RUN mkdir -p /work/src/ASK && \
    tar -xf "/vendor/${ASK_TAR}" --strip-components=1 -C /work/src/ASK && \
    rm -rf /work/src/ASK/.git && \
    install -m 0644 /docker-overrides/Makefile /work/src/ASK/Makefile && \
    install -m 0644 /docker-overrides/toolchain.mk /work/src/ASK/build/toolchain.mk && \
    mkdir -p /work/src/ASK/cdx && \
    printf '%s\n' \
      '/* Auto-generated for tarball builds */' \
      '#ifndef CDX_VERSION_H' \
      '#define CDX_VERSION_H' \
      '#define CDX_GIT_VERSION "tarball"' \
      '#endif' \
      > /work/src/ASK/cdx/version.h

# Optional matching kernel tree, required for module builds.
RUN if [ -n "${KERNEL_TAR}" ]; then \
      mkdir -p /opt/kernel && \
      tar -xf "/vendor/${KERNEL_TAR}" --strip-components=1 -C /opt/kernel && \
      /usr/local/bin/filter-kconfig-fragment.sh /opt/kernel /tmp/kernel-extra.config > /tmp/kernel-extra.effective.config && \
      make -C /opt/kernel ARCH="${ARCH}" CROSS_COMPILE="${CROSS_COMPILE}" defconfig && \
      /opt/kernel/scripts/kconfig/merge_config.sh -m /opt/kernel/.config /tmp/kernel-extra.effective.config && \
      KCONFIG_WARN_UNKNOWN_SYMBOLS=1 KCONFIG_WERROR=1 \
      make -C /opt/kernel ARCH="${ARCH}" CROSS_COMPILE="${CROSS_COMPILE}" olddefconfig && \
      make -C /opt/kernel ARCH="${ARCH}" CROSS_COMPILE="${CROSS_COMPILE}" -j"$(nproc)" modules_prepare; \
    fi

WORKDIR /work/src/ASK
ENV KDIR=/opt/kernel
ENV TAR_DIR=/vendor/packages
ENV FMLIB_TAR=/vendor/${FMLIB_TAR}
ENV FMC_TAR=/vendor/${FMC_TAR}
ENV LIBNFNETLINK_TAR=/vendor/${LIBNFNETLINK_TAR}
ENV LIBNFCT_TAR=/vendor/${LIBNFCT_TAR}

RUN case "${BUILD_TARGET}" in \
      userspace) make userspace ;; \
      modules)   test -n "${KERNEL_TAR}" && make modules ;; \
      dist)      test -n "${KERNEL_TAR}" && make dist ;; \
      *)         echo "unsupported BUILD_TARGET=${BUILD_TARGET}" >&2; exit 2 ;; \
    esac && \
    mkdir -p /out && \
    cp -a dist/. /out/

FROM scratch AS artifacts
COPY --from=builder /out/ /

# Minimal artifact image, not a runtime service image.
FROM scratch AS runtime
COPY --from=builder /out/ /opt/ask/

docker/overrides/toolchain.mk

This keeps the upstream layout but makes the toolchain configurable and points the kernel directory at the injected kernel tree.
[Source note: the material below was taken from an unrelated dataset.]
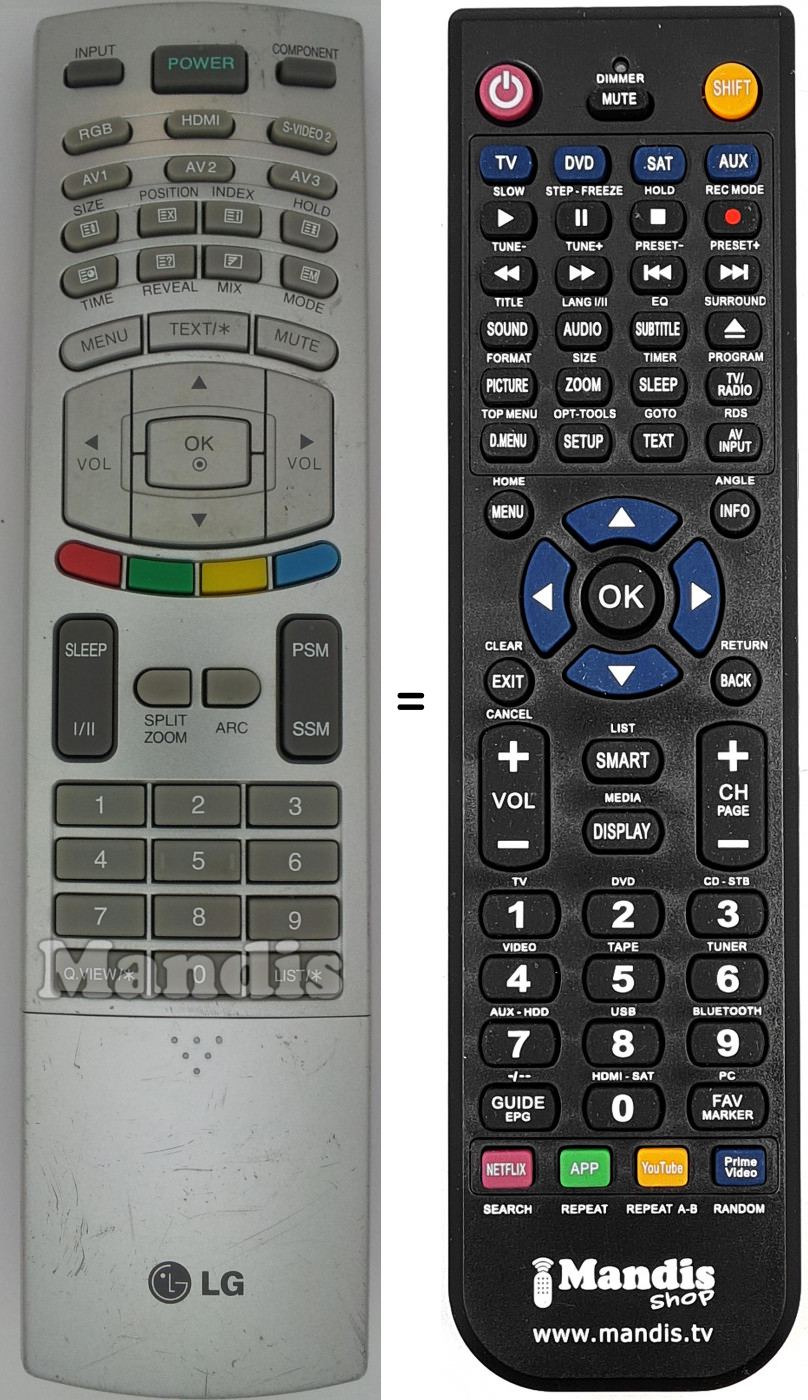 Télécommande équivalente LG 6710T00017N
# Toolchain override for reproducible container builds
CROSS_COMPILE ?=
ARCH          ?= arm64
PLATFORM      ?= LS1043A

CC            := $(if $(CROSS_COMPILE),$(CROSS_COMPILE)gcc,gcc)
CXX           := $(if $(CROSS_COMPILE),$(CROSS_COMPILE)g++,g++)
AR            := $(if $(CROSS_COMPILE),$(CROSS_COMPILE)ar,ar)
STRIP         := $(if $(CROSS_COMPILE),$(CROSS_COMPILE)strip,strip)

# Injected by Dockerfile when building modules
KDIR          ?= /opt/kernel

docker/overrides/Makefile

This is the critical part. It preserves the upstream build shape but replaces network fetches with vendored tarball extraction. The intent is simple: no git clone, no wget, no curl inside the build.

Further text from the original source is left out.